--- Input for this task Enclosed Below ---

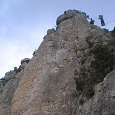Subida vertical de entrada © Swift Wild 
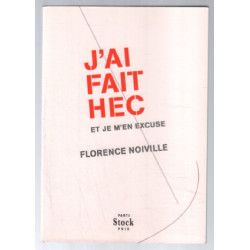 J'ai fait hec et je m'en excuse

--- End of Enclosed Input for this task ---
--- Input for this task Enclosed Below ---

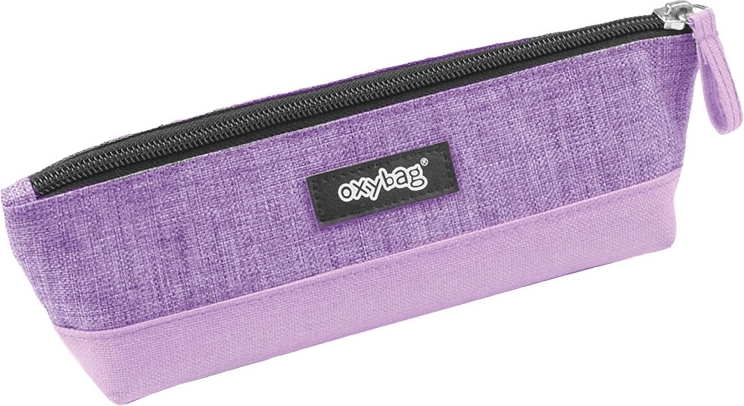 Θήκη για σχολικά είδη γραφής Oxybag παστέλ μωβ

--- End of Enclosed Input for this task ---

Work to complete>
Everything above from the line containing "Subida vertical de entrada © Swift Wild" through the line containing "J'ai fait hec et je m'en excuse" must be repeated exactly, and the pictures must be left out.

Solved exercise>
Subida vertical de entrada © Swift Wild 
 J'ai fait hec et je m'en excuse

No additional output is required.